Il problema della costanza percettiva.

Il problema della costanza percettiva nasce dal rilievo che l’identità, la grandezza e la forma d'un oggetto possono rimanere invariate anche quando la proiezione retinica dello stesso oggetto varia di grandezza e forma al variare dei rapporti spaziali fra oggetto fisico e osservatore. Insomma, attribuiamo caratteristiche permanenti ad oggetti variabili.

a La costanza degli oggetti: è data dall’invariabilità dei rapporti tra gli elementi di rilievo che abbiamo nel complesso della situazione stimolante.

b La costanza di grandezza: dipende dal rapporto tra la grandezza reale dell’immagine retinica e la distanza apparente dell’oggetto, valutata attraverso gli indizi di profondità. ("Legge di Emmert"; esperienza della "camera distorta")
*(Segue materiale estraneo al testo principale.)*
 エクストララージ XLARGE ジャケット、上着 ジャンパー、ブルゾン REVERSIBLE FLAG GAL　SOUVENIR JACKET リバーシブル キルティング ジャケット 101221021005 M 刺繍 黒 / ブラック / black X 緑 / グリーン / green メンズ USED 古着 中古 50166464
c La costanza di forma: dipende dal rapporto tra la forma dell’immagine retinica e l’inclinazione apparente dell’oggetto, percepibile utilizzando gli indizi che lo rivelano.

La psicologia strutturalista considera il fenomeno della costanza percettiva un processo spontaneo di autoregolazione, mentre la psicologia che ammette il riferimento all’esperienza lo considera un processo integrativo di adattamento ad una realtà che fa comodo stabilizzare.


Il problema della percezione dello spazio o della distanza.


Per "percezione dello spazio" si intende "la percezione delle caratteristiche geometriche e spaziali dei singoli oggetti (loro grandezza, volume, orientamento…) oltre a quella della distanza tra oggetto e soggetto che osserva, e tra i vari oggetti stessi".

La percezione dello spazio pone il problema di come sia possibile vedere in modo tridimensionale, quindi valutando distanza e profondità, a partire dalla proiezione retinica che, essendo su una superficie, è a due dimensioni. Ebbene, i fattori che intervengono sono i seguenti:

a indizi fisiologici (la visione stereoscopica). La visione stereoscopica rende possibile apprezzare distanza e profondità attraverso la convergenza degli occhi (per cui più è vicino il punto d’osservazione, maggiore è la convergenza necessaria) e la disparità delle immagini retiniche (per cui l’occhio sinistro non coglie, per effetto della sua distanza dal destro, la stessa immagine). La combinazione di questi due fattori fisiologici non sarebbe sufficiente se non intervenissero gl'indizi psicologici che, nella visione monoculare, consentono di apprezzare distanza e profondità in assenza dei meccanismi della visione binoculare.

b indizi psicologici:

1 "pittorici":

- grandezza relativa: a parità di condizioni, di due oggetti di grandezza diversa quello di maggiori dimensioni è percepito più vicino;

- sovrapposizione: un oggetto che copre parzialmente un altro oggetto è percepito come più vicino (ma il fenomeno è complicato da ulteriori fattori, studiati da Setter (1956): grandezza (una figura più grande è vissuta come davanti ad una più piccola), struttura (una figura con "buona gestalt" viene vissuta come davanti ad una figura più articolata e complessa); movimento (una figura in movimento viene vissuta preferibilmente come situata davanti ad una figura immobile);

- chiaroscuro: aiuta a delimitare i contorni delle figure tridimensionali;

- luminosità: a parità di altre condizioni, l’oggetto più luminoso è percepito come più vicino;

- prospettiva aerea: l’oggetto che dà un’immagine più chiara e dettagliata è percepito più vicino;

- prospettiva lineare;

- gradienti della densità di tessitura.

2 "legati al movimento".

La condizione necessaria, perché abbia luogo una percezione visiva di movimento, è l’esistenza di una modificazione temporale nello stato della stimolazione della retina. Qualora questa sia omogeneamente stimolata nel tempo, non abbiamo le premesse per la percezione del movimento. La modificazione temporale, inoltre, non deve essere né troppo lenta né troppo rapida, perché esiste una soglia inferiore e una superiore di velocità per la percezione del movimento.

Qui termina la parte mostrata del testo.